Müsavat Dervişoğlu'ndan 'asgari ücret' tepkisi: Grev gözcüsü olacağız

İYİ Parti lideri Müsavat Dervişoğlu, partisinin grup toplantısında gündeme dair açıklamalarda bulundu. Dün açıklanan 22 bin 104 liralık asgari ücret in 'sadaka' bile olmadığını söyleyerek karara tepki gösteren Dervişoğlu, "Sarayın penceresinden halkın sofrası gözükmez. İşçinin hak ve hukukunu savunmak üzere gerekirse grev yerlerinde grev gözcüsü olacağız" dedi.

F5HABER F5HABER
Müsavat Dervişoğlu'ndan 'asgari ücret' tepkisi: Grev gözcüsü olacağız

İYİ Parti lideri Müsavat Dervişoğlu, partisinin Meclis toplantısında gündeme ilişkin önemli açılamalarda bulundu.

Dün açıklanan asgari ücret kararına tepki gösteren Dervişoğlu, 22 bin 104 liranın sadaka bile olmadığını belirterek Erdoğan'a seslendi, "Bundan sonra uğradığı haksızlıklar için yollara ve meydanlara düşen herkesin yanında olacağız. Gerekirse grev yerlerinde grev gözcüsü olacağız" dedi.

'Türkiye, asgari ücret cehennemi'
Dervişoğlu'nun açıklamalarından öne çıkan şöyle:

Türkiye, iktidarın sürekli ateş taşıdığı bir asgari ücret cehennemidir. Devlet kendi vergisine, harcına, kağıdına, mührüne neredeyse yüzde 50 zam yapmışken, çarşıda etiketler halen yüzde 100 artarken, iktidarın gözü, emekçinin avcundaki kırıntılardadır. Enflasyon vatandaşın alın terini, emeğini alıp götürmüştür. Mazot 44 lira, simit 15 lira en ucuz et 400 lira, en düşük kira 20 bin lira. Dün akşam saatlerinde yine oldu bittiye getirip, asgari ücreti ilan ettiler.

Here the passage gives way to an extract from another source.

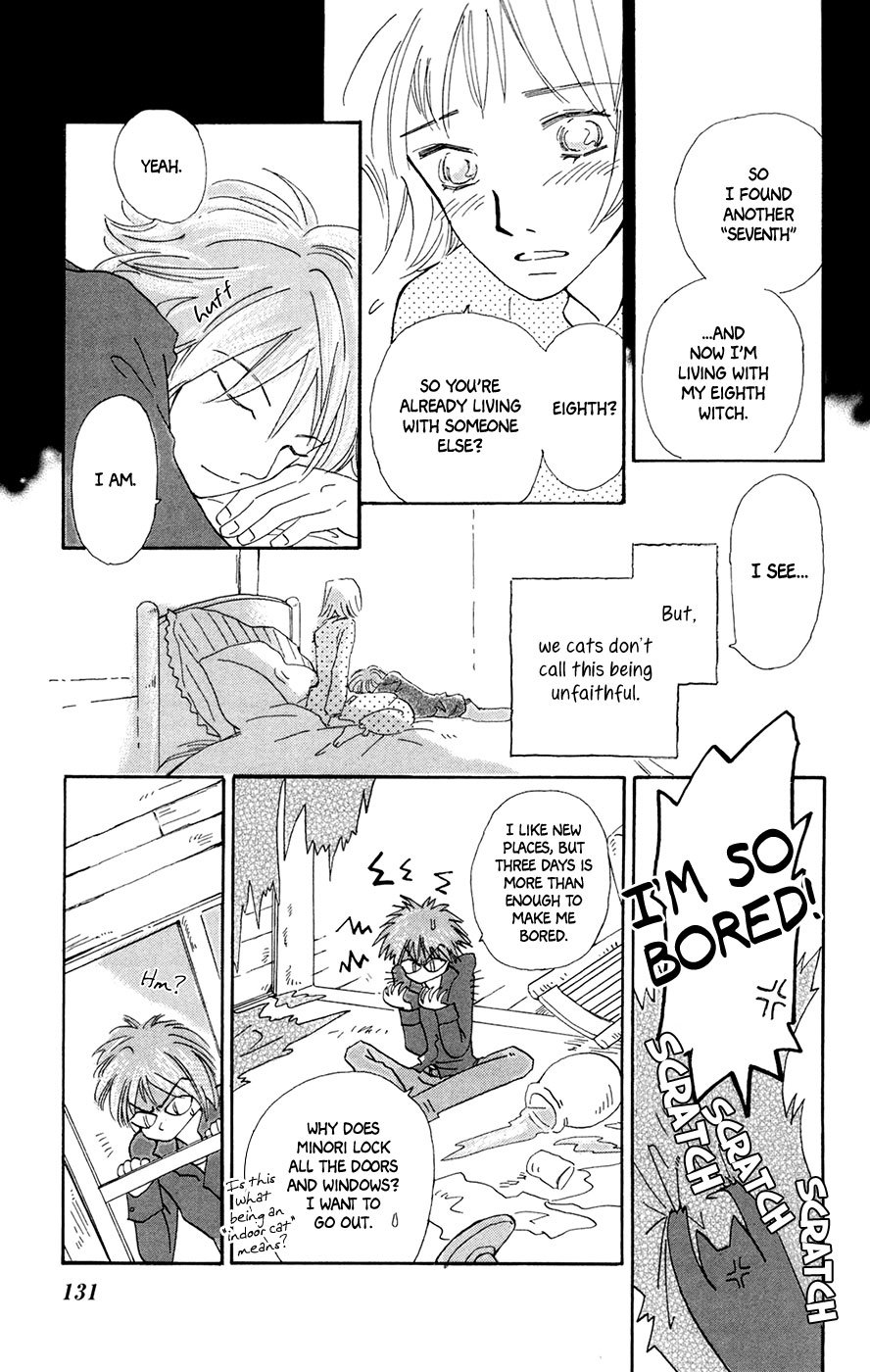 Minato Machi Neko Machi Chapter 5 page 16 - Chapter 5: The Witch on the Roof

22.104 lira asgari ücret sadaka bile değil
Açlık sınırının 21 bin lira, yoksulluk sınırının ise 72 bin lira olduğu bir ülkede işçiye reva görülen 22.104 lira asgari ücret sadaka bile değildir. İlan edilen artış oranı hiçbir yaraya merhem olmayacaktır. Gelecek zamlarla birlikte daha ilk ayında yine kuşa dönecektir. Erdoğan’a buradan sesleniyorum: Sarayın penceresinden, halkın sofrası gözükmez!

Mehmet Şimşek, göreve başladığı günden beri milletimiz iki kelime ile yatıp uyanıyor; zam ve vergi! Gelir-gider dengesi tutmuyor ve çözüm yeni vergilerde aranıyorsa, bunun adı 'ekonomik kriz' değil, 'yönetim ve iktidar krizi'dir.

Suriye'de yaşananlar
Türkiye, Suriye iç savaşı ve o savaşın açık tarafı olarak davranan iktidar yüzünden insanıyla, kurumlarıyla, değerleriyle neredeyse Suriye kadar zarar görmüştür. Türk milletinin iyi niyetinden, haddinden fazla maraz doğmuştur. Bu kısır döngüden artık derhal çıkılmalıdır.

Ülkemizdeki Suriyelilerin ivedilikle geri dönüşlerinin temin ve tesisi gerekmektedir. Yani Esad gitmiştir, misafirlik de bitmiştir. Bir daha Türkiye’nin böyle bir göç yaşamaması için gerekli önlemler alınmalı, Suriye’de bir terör devletinin kurulması engellenmelidir.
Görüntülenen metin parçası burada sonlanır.